Welcome to fantasy island. I can say this based on the history of SBC t0 deploy technology as promised.

Let’s put some facts on the table. In the 1990’s, Pacific Bell, Ameritech, SNET, and Southwestern Bell all had plans to rewire the 13 states with fiber optics — Pac Bell promised to spend $16 billion with 5 million households by 2000, SNET $4.5 billion, Ameritech would have 6 million households — and the total number of households to be wired in these 13 states was —- over 12 million lines by 2000!

And custmers paid for these networks through changes in
state deregulation — massive financial incentives were given
to the phone companies per state.

When SBC took over — merged with — Pac Bell, Ameritech, and SNET, SBC closed down every fiber optic plan. Trashed or sold off everything. There went thefiber optic future for 125 million people — 40% of the US!

But hope springs eternal, as part of the Ameritech-SBC Agreement in 1999, SBC stated it would spend $6 billion to rewire the states, known as “Project Pronto”—- Another flop. Never completed, much of the money unspent.

And now, SBC claims it will rewire and offer IPTV (which requires broadband based on fiber optic networks).

USA Today: “The carrier plans to spend $4 billion by 2007 to wire 18 million homes for the cutting-edge technology.”

Do the math — It’s simply ridiculous!

It comes out to 6 million homes a year — at a cost of —– $222.22 per household…. Please stop laughing.

Anyone acquainted with this business knows that it cost more than $222 per household to rewire, much less supply the technology needed for IPTV — which is new and has been deployed sporadically in other countries.

USA Today writes: “Indeed, nobody knows how IPTV will behave once it is “scaled,” or rolled out, to millions of paying customers. One of the largest IPTV installations in the world is in China, and that one has only about 500,000 customers.”

And the real kicker — The stuff doesn’t work today, but they can make statements to show how SBC is delivering on broadband.

USA Today: “The wildcard is Microsoft. The tech giant is developing the operating system that will form the heart of SBC’s IPTV service - and it isn’t close to done. ….There’s also the question of whether the half-dozen or so vendors
supporting the project can get their hardware and software to mesh properly.
Getting it perfect right out of the box is critical.”

Around the country, the Bell companies are trying to block municipalities from rewiring or wifi-ing their cities.
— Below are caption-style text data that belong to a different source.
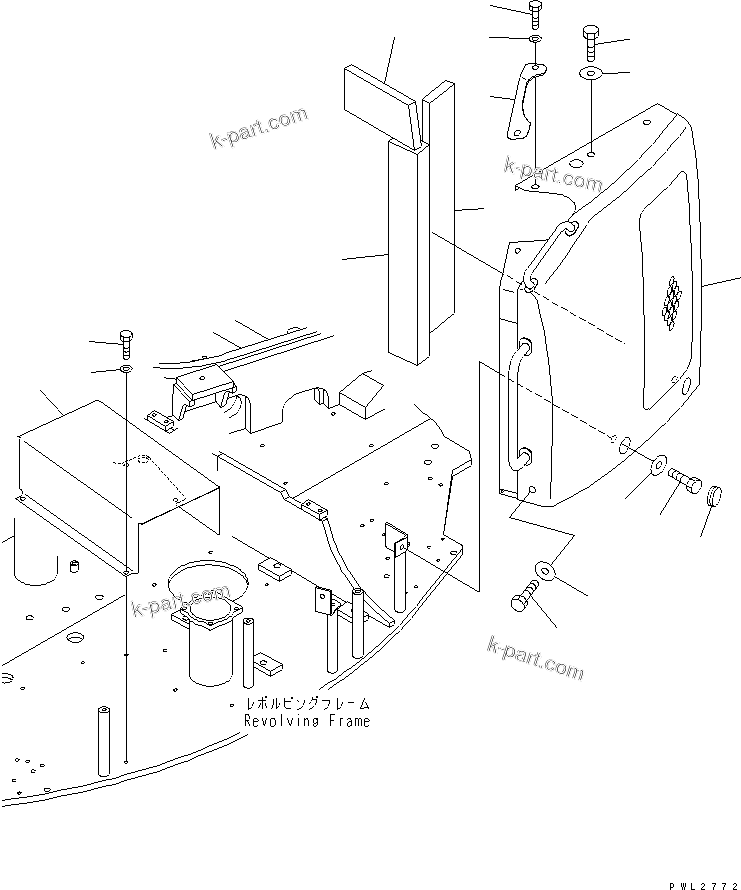 Komatsu parts book diagram for PC228USLC-2J S/N 15001-UP (For KUK / Chassis only): SIDE COVER (L.H.)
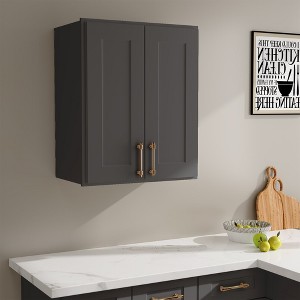 LOVMOR in Plywood Soft Close Kitchen Wall Cabinet with 2 Doors and Adjustable Shelves for Kitchen, Bathroom, Living Room,Study - 1 of 4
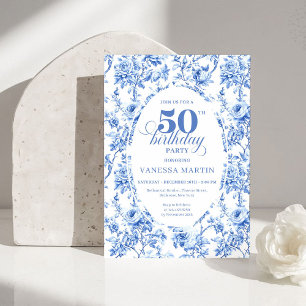 Luxury Navy Blue Toile Roses 50th Birthday Invite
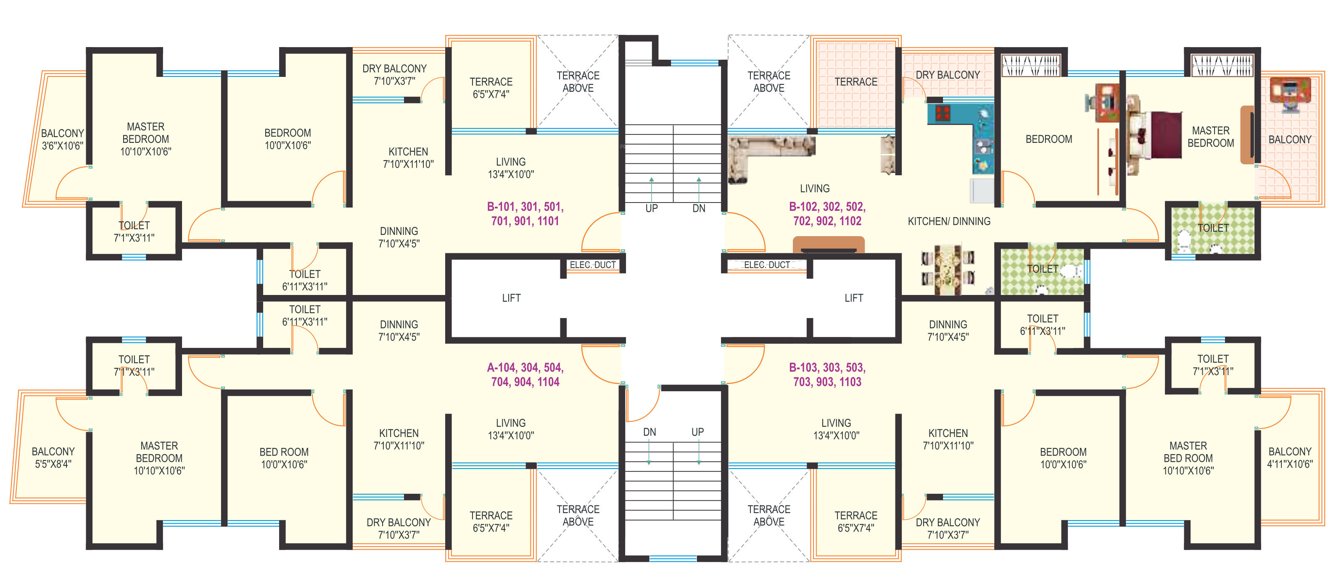  galaxy Building B Cluster Plan For Odd Floors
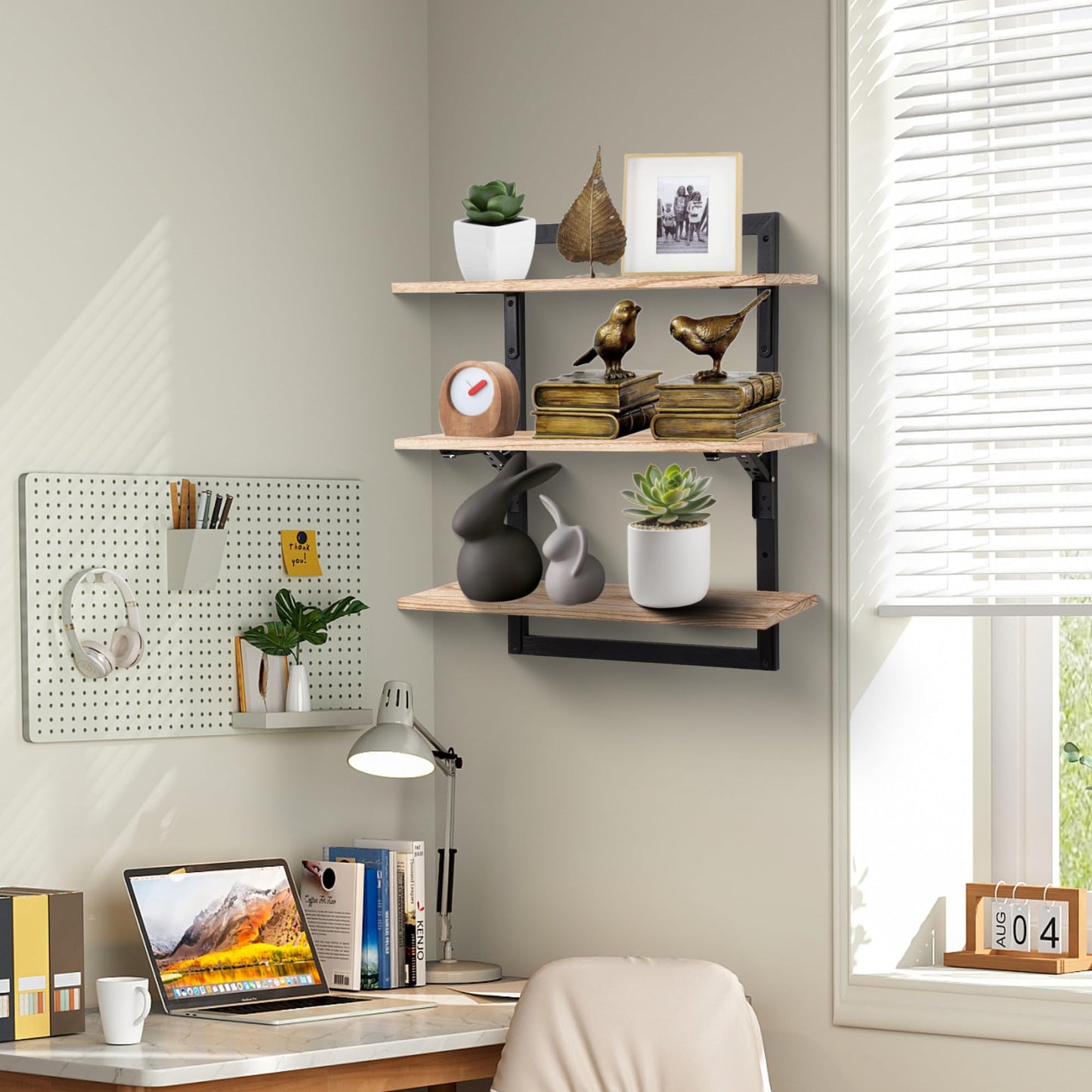Wodhels 24-Inch Floating Shelves for Wall，3-Tier Wooden Wall Mounted Kitchen Shelves with Foldable Brackets,Hanging Wall Shelves for Living Room, Coffee Bar，Bedroom, Bathroom,Rustic Brown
Trusting SBC and the other Bell companies to fulfill any of their public statements is a waste of time, and citizens should stand up to companies who will say anything to remove more
laws to make them more money and block competition.

Worse, SBC is planning on getting larger, now merging with AT&T.
Why hasn’t anyone investigated how the previous mergers
SBC-Ameritech-SNET-Southwestern Bell, raised rates and harmed broadband deployments and competition. SBC was supposed to be competing in 30 cities outside these regions with wireline competition — that never happened either.